Gianvincenzo D’Andrea La campagna vaccinale anti covid va avanti in modo inaspettatamente lento in tutto il territorio nazionale ed in particolare in alcune regioni , fra cui l’Abruzzo. Eppure una rapida somministrazione delle dosi (assegnate alle Regioni) alle categorie di persone individuate come prioritarie nel ricevere il vaccino dovrebbe essere un imperativo categorico per il Servizio Sanitario Pubblico. (A meno non si pensi che il collasso degli ospedali e di ogni altra attività medica conseguente ad una riaccensione della pandemia non sia un problema!) Ed è impensabile che nei diversi Assessorati Regionali alla Sanità ( anche in quello dell’Abruzzo) non sia stata messa a punto per tempo la macchina organizzativa per l’attuazione del Piano Vaccinale di massa, per mettere in sicurezza immunitaria la popolazione.
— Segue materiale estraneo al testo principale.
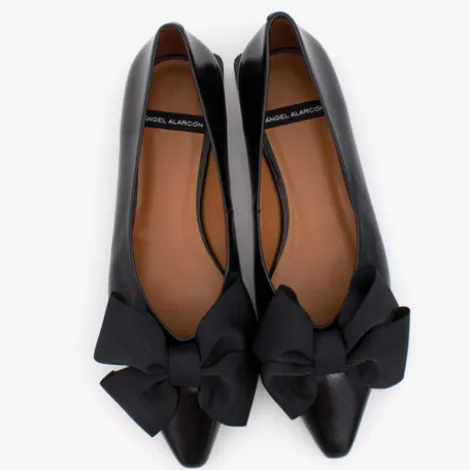 Angel Alarcon 24631BLK-Pump.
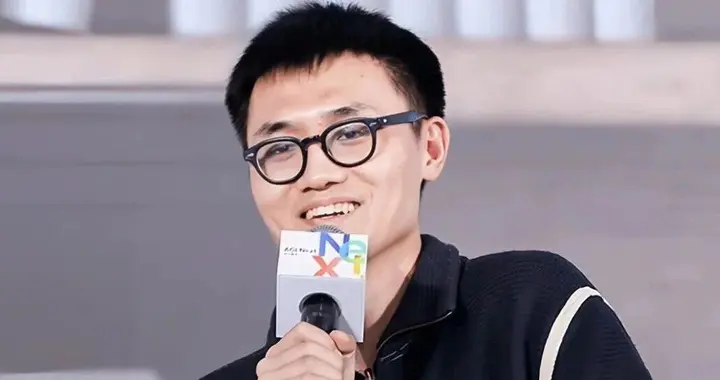 林俊旸離職后首度發聲：萬字復盤，大模型下一站「智能體式思考」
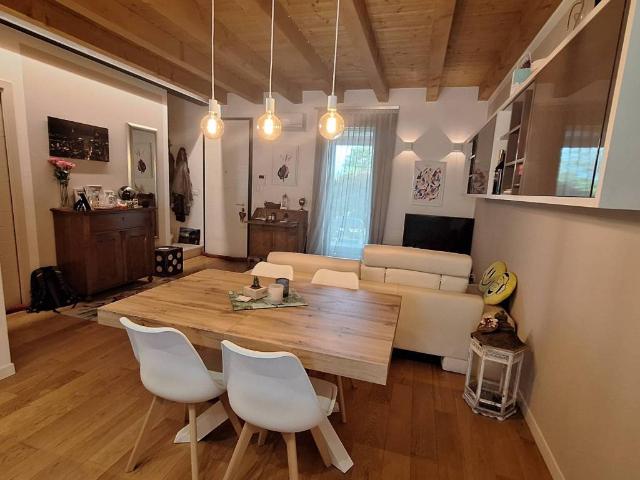 Villa Schiera in vendita a Sandrigo, Veneto
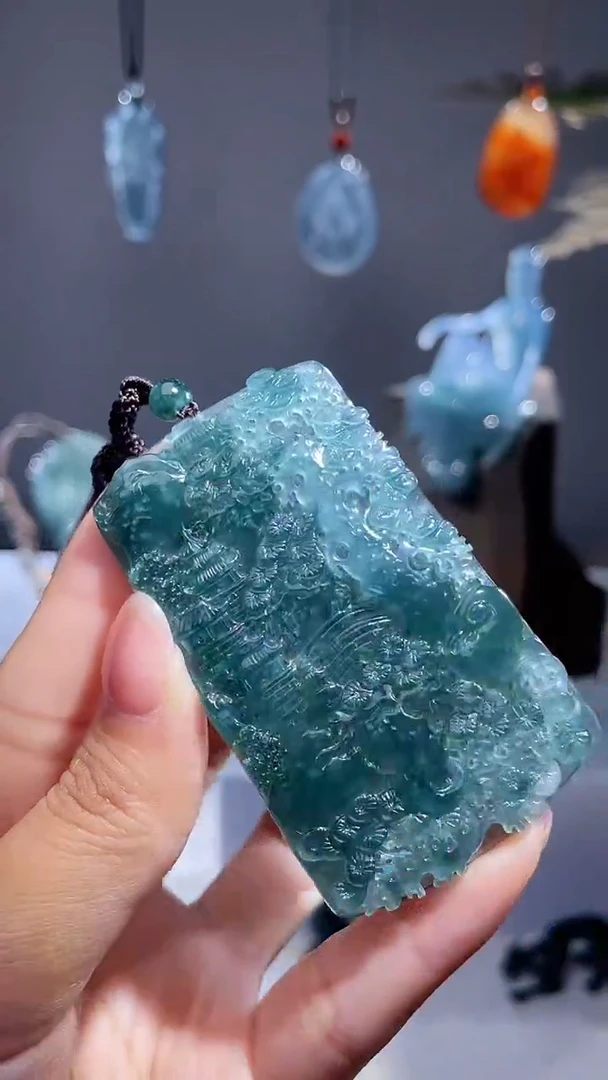 颈饰未镶嵌翡翠山水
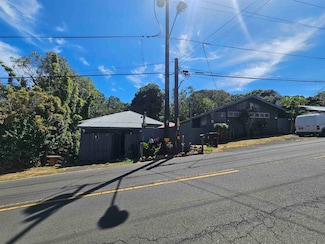 15 Olinda Rd, Makawao, HI 96768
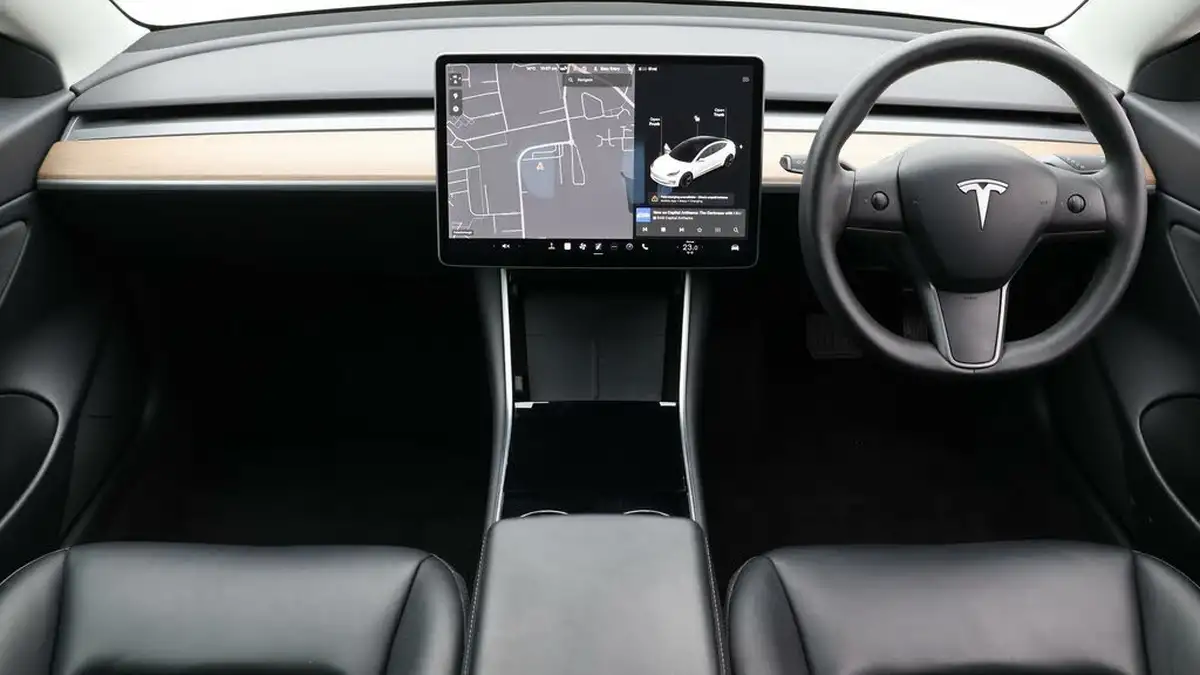 2020-tesla-model-3-e-standard-plus-big-13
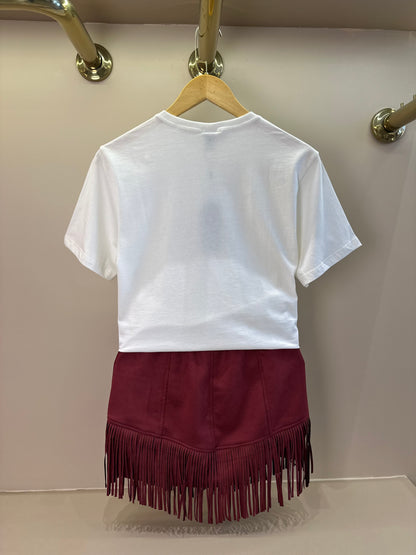 Conjunto Teen Camiseta Oversized Simply Sweet Strass e Saia Suede Franjas Vermelha - Two In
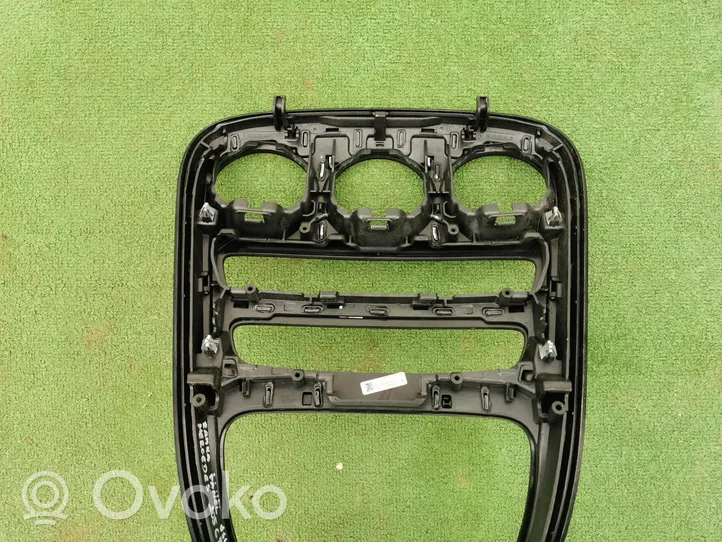 Mercedes-Benz C W205 Inserti decorativi cornice della consolle centrale A2056805107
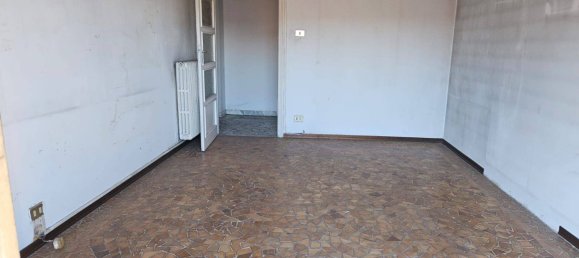 2 bedrooms Apartment in Turin, Italy No. 169523 24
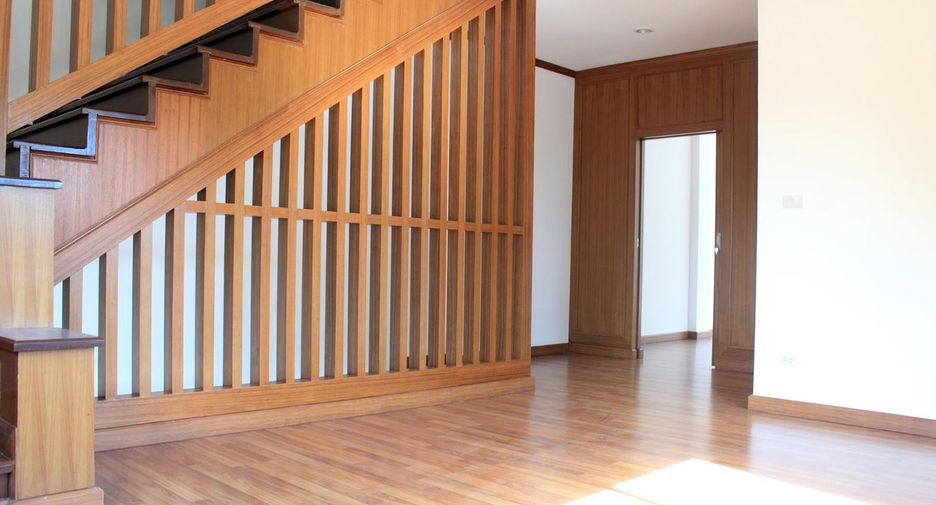 For sale 3 bedrooms retail Space in Mueang Phuket, Phuket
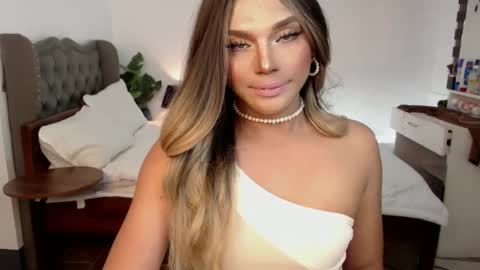 Snapshot of jesie_hot69 chatting on January 3, 12:19 pm jesie_hot69 online show from January 3, 12:19 pm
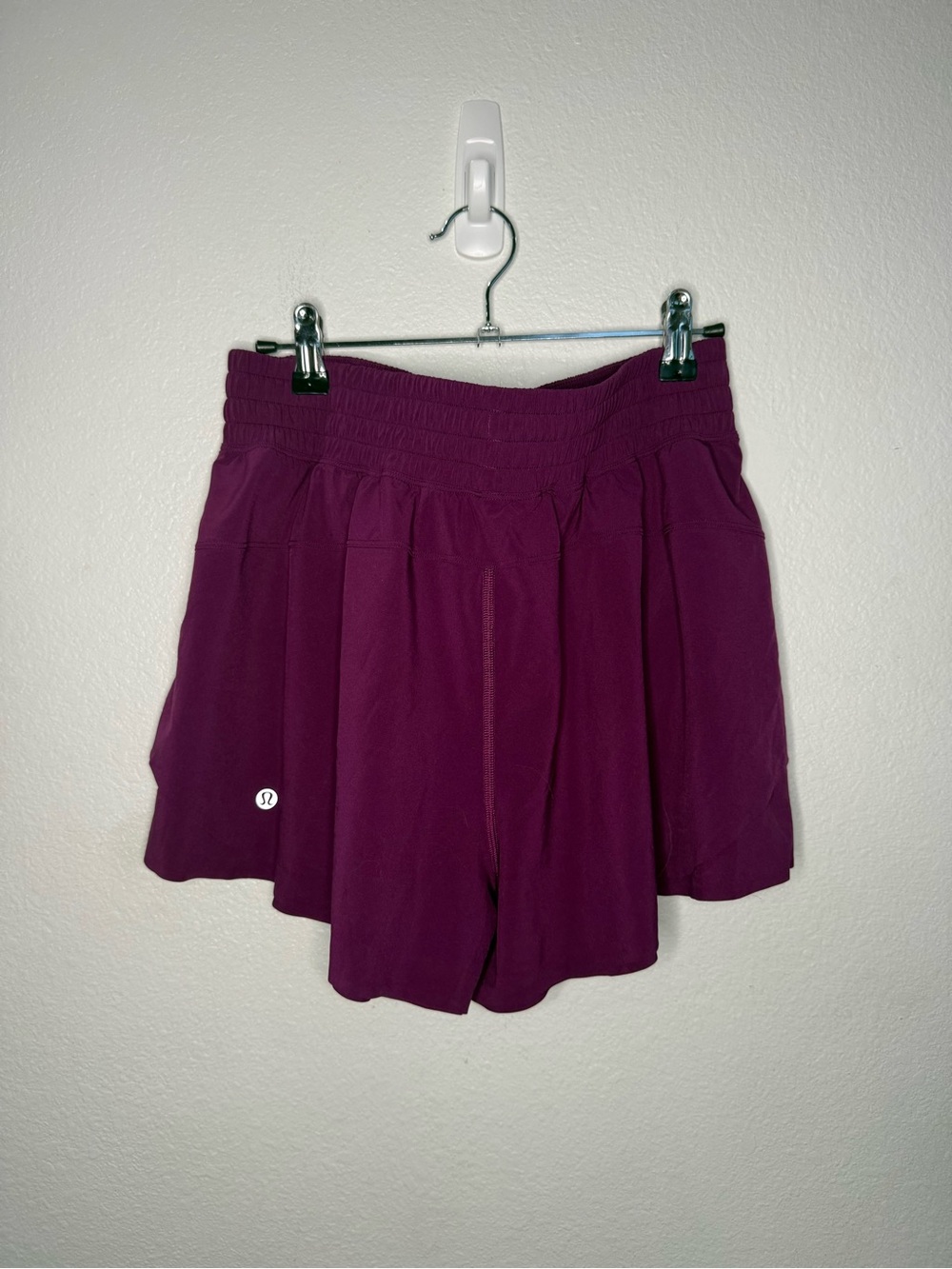 Lululemon Shake It Out High-Rise Running Short 2.5" in Chilled Grape - Picture 2 of 3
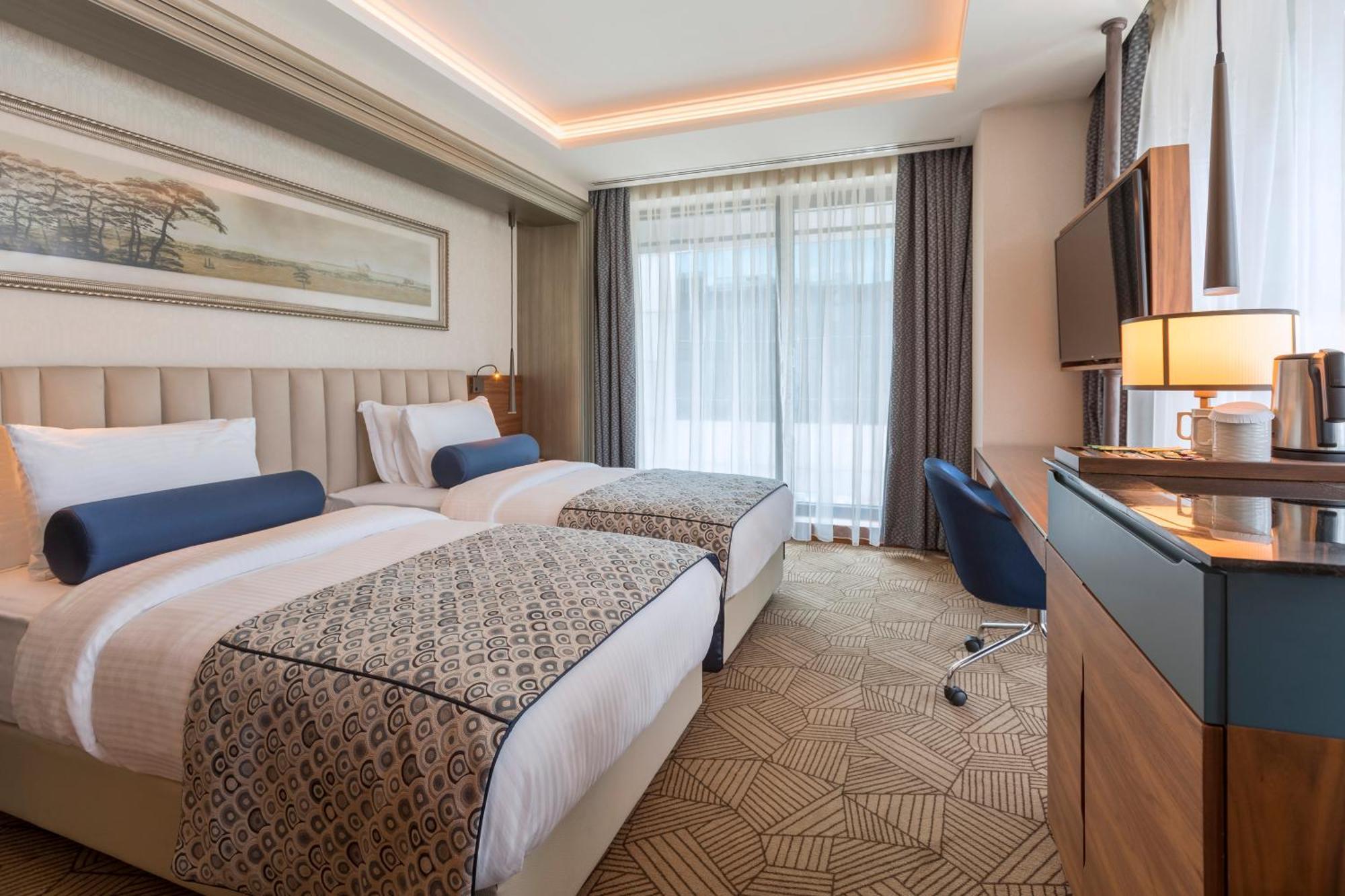 Chambre Supérieure de 25 m² avec 2 Lits Simples, Douche et Connexion Wi-Fi Gratuite - Vue sur Ville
Se non ci sarà un cambio di passo c’è il rischio che il raggiungimento dell’auspicata “immunità di gregge”, per bloccare la pandemia , si ottenga il prossimo anno…. con tutto quello che ne consegue. Vorrei, pertanto, fare una proposta di buon senso che consentirebbe di dare una robusta accelerazione alla campagna vaccinale, appena iniziata per il personale sanitario ed a seguire per gli altri, prendendo spunto da quanto verificatosi recentemente. Mi riferisco allo screening di massa con test rapido per identificare i soggetti covid positivi nella popolazione dei comuni del Centro Abruzzo e dell’ ASL de L’Aquila . Come si sa il tutto si è svolto grazie alla generosa adesione di decine ,se non di centinaia, di volontari medici,infermieri ecc che hanno permesso di rilevare ,e trattare, decine e decine di casi positivi. Ebbene ,cosa osta a che venga fatta la stessa cosa?Ad utilizzare la sicura disponibilità dello stesso personale sanitario? Per un medico ed un infermiere professionale non c’è differenza nell’effettuare un tampone nasofaringeo o una puntura vaccinale e,dunque, quali sono le difficoltà operative per il loro impiego? Auspico ,allora,che i Sindaci si facciano portavoce di questa modesta proposta con il Governo Regionale perché soprattutto ora, se si vuole sconfiggere il covid 19, non bisogna perdere tempo. E farlo è nell’interesse di tutti.